Use of the word "freak" as a slang term to mean stoner or heavy marijuana user
In the late 1970s and early 1980s, the word "freak" was used for heavy marijuana smokers (other drugs might be involved as well) in New England boarding schools and as far south as Pennsylvania.
My 16 year old son (public school New Jersey) and 50 year old colleague (public school NY) had never heard the term used.
I believe "freak out" is still used for a bad experience on drugs.

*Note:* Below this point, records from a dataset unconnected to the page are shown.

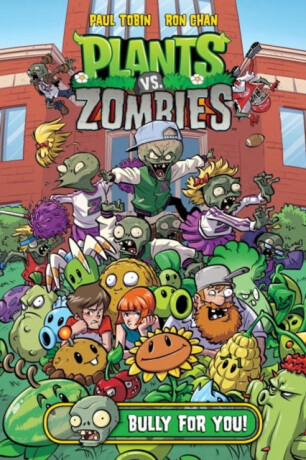 Plants vs. Zombies Volume 3: Bully for You - Paul Tobin,Ron Chan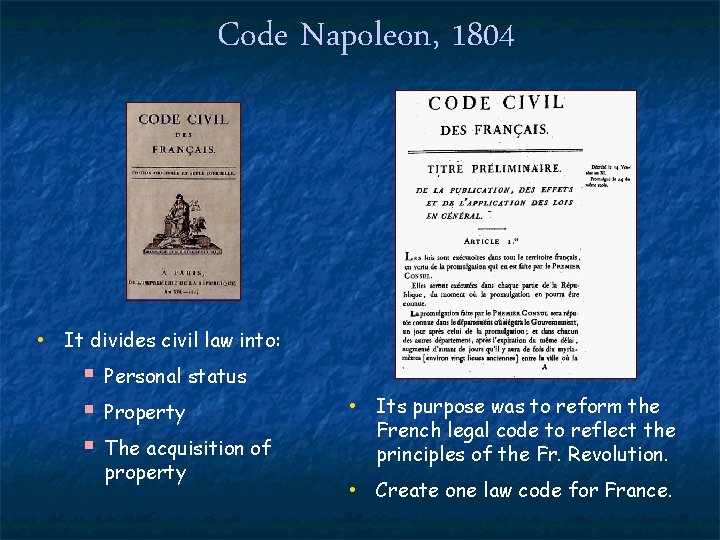 Code Napoleon, 1804 • It divides civil law into: § § § Personal status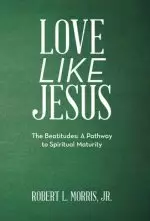 Love Like Jesus: The Beatitudes: a Pathway to Spiritual Maturity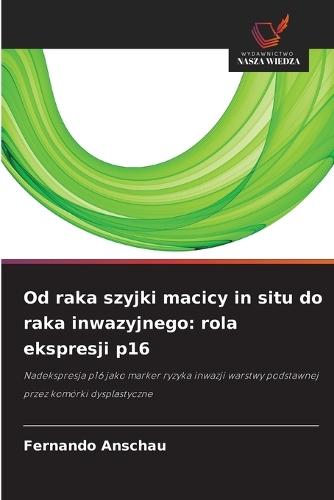 Od raka szyjki macicy in situ do raka inwazyjnego: rola ekspresji p16
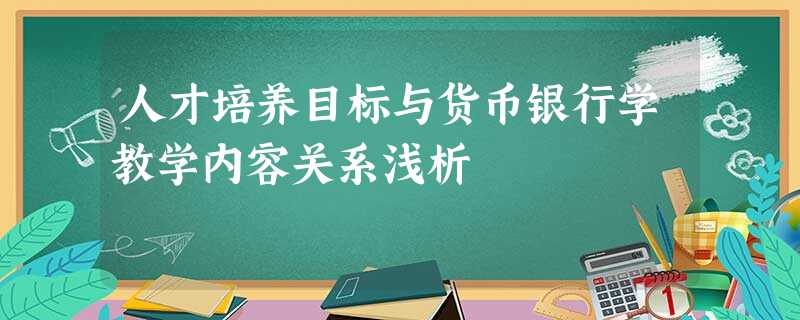 人才培养目标与货币银行学教学内容关系浅析 人才培养目标与货币银行学教学内容关系浅析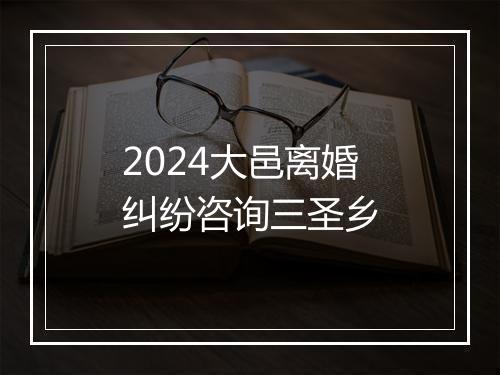 2024大邑离婚纠纷咨询三圣乡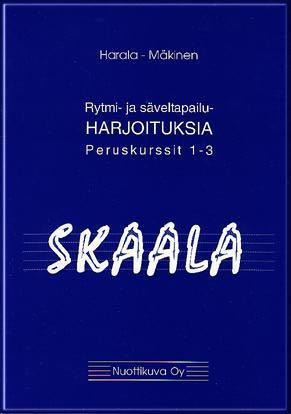 Skaala - Rytmi - ja säveltapailuharjoituksia- peruskurssit 1-3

But in this case, I mean simply "freak"--without any modifiers
1) Was this term used more widely than in boarding schools 25 years ago? 2) Is it still used anywhere? 3) When was it first used to mean stoner? (BTW "stoner"--a synonym, was not in use in those days, although the verb form "to get stoned" certainly was) 4) When was "stoner" as a noun first used?
Freak was common in the 70s and I was in public school.
"Freak" in slang usage connotes sexual activity or kinky sex. Urban Dictionary
To answer number one: Steely Dan has a song on their album Pretzel Logic called Charlie Freak. The song revolves around a man who sells everything he owns for drugs. So, with this example, we see that the word was used beyond boarding schools. (The album was recorded in New York, 1974.)
EDIT: Added year of song
I can only speak of my own experience as a high schooler in 2 Chicago suburbs from 1969-1973, where “freak” was widely used to mean not just stoners but generally anyone who identified with hippy counterculture as expressed in dress, hair, speech, politics, etc. The term seemed to gradually fade away in the mid seventies as all these manifestations entered the mainstream and no longer functioned as subculture identifiers.